Landowners in southern Manitoba and the province’s power utility have reached an impasse, each waiting for the other party to blink.
Manitoba Hydro is planning to build Bipole III, a new transmission line from northern hydroelectric dams to Winnipeg, but the utility still has to secure agreements with dozens of farmers between Portage la Prairie and Winnipeg.
The utility wants to sign right of way agreements with individual farmers, with one-time payments for easements and the towers built on privately owned land.
But about 120 farmers are refusing to deal with Manitoba Hydro one-to-one. They want to negotiate as a group and have engaged the Canadian Association of Energy and Pipeline Landowner Associations to negotiate on their behalf.
“We’re pro-development…. We’re here to make a business agreement that protects landowners’ properties from expropriation,” said Dave Core, CAEPLA chief executive officer, at an open house in Winnipeg Dec. 2, organized by affected landowners.
So far, Manitoba Hydro has refused to deal with CAEPLA or the landowner association as a group.
Hydro says its compensation package to individual farmers is fair and generous.
It is offering:
• A single payment of 150 percent of market value of the land required for the easement.
• Construction damage compensation.
• Structure impact compensation for each tower placed on the landowner’s property.
The farmers in the coalition want Hydro to provide annual payments, similar to the compensation offered by pipeline companies.
Core said he’s negotiated several agreements for transmission lines in Alberta, where utilities agreed to pay annual compensation.
“They get rent, or annual structure payments, for their towers. And its upgraded every five years based on the land values and inflation.”
Core emphasized the issue is more complex than annual payments.
“If anybody tries to tell you this is all about compensation, they’re wrong.”
Core said farmers are very concerned about a number of potential impacts, including biosecurity for weeds and soil disease, how the towers and lines will affect irrigation and crop production losses.
Jurgen Kohler, a grains and oilseeds producer from Brunkild, Man., has joined the coalition and agreed to have CAEPLA negotiate on his behalf.
He got involved after he learned that land surveyors went onto his land, without permission, to study the route for the transmission line.
He said the affected landowners aren’t looking to stop the power transmission project. Landowners want an agreement that protects farmland and provides fair compensation for the long-term hassle of a hydro line.

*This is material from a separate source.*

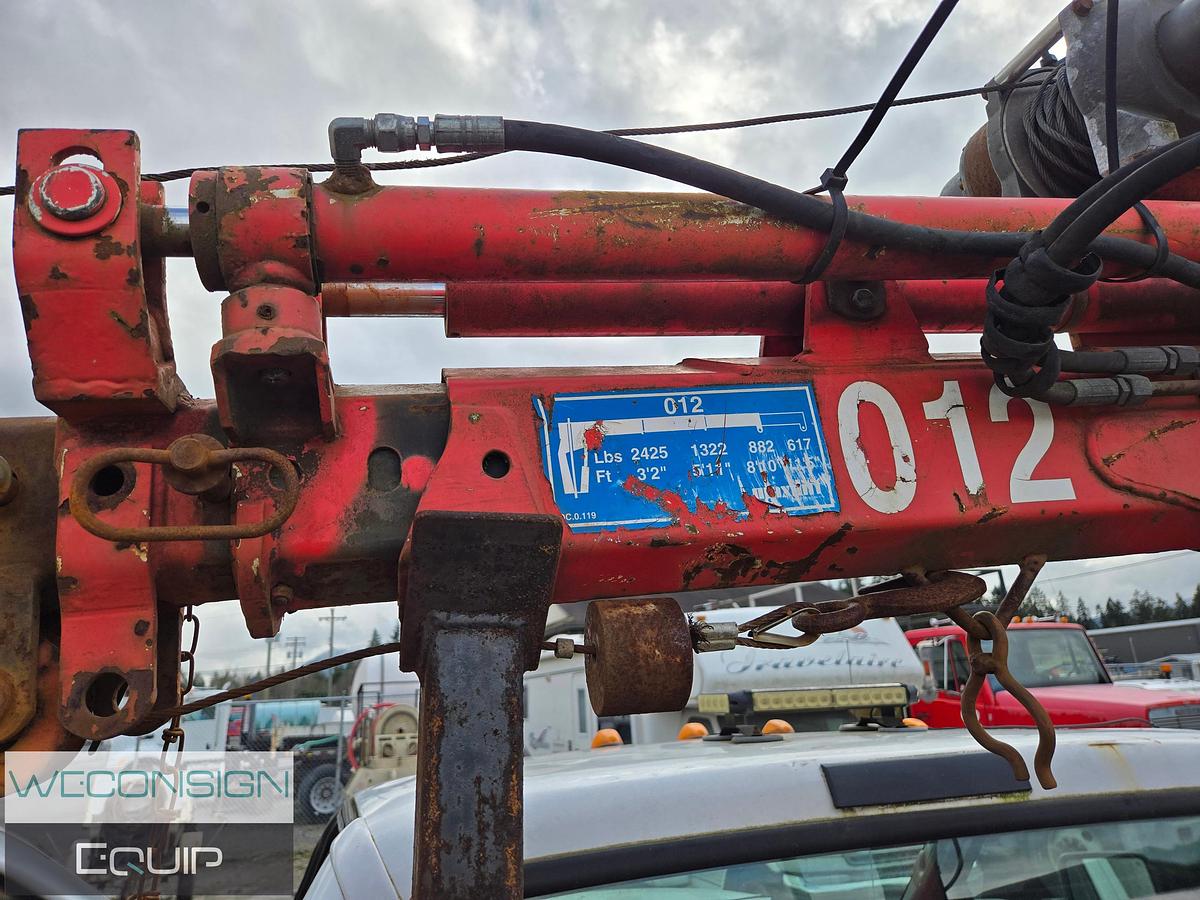 Used 2006 Ford F450 XL Flat Deck Knuckle Boom Truck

“The clubroot issue in canola, that’s a huge issue,” he said. “They (Hydro) have reached some agreements in the north of Highway 16…. There’s a lot of pastureland up there. Their issues are totally different than ours in the south, where we have the most productive land in Western Canada.”
Manitoba Hydro plans to have Bipole III in service by 2018. To meet that objective, it needs easement agreements with private landowners as soon as possible.
The route for the line begins in northern Manitoba, cuts southwest to the Saskatchewan border, runs west of Lake Manitoba and then runs across southern Manitoba before terminating southeast of Winnipeg.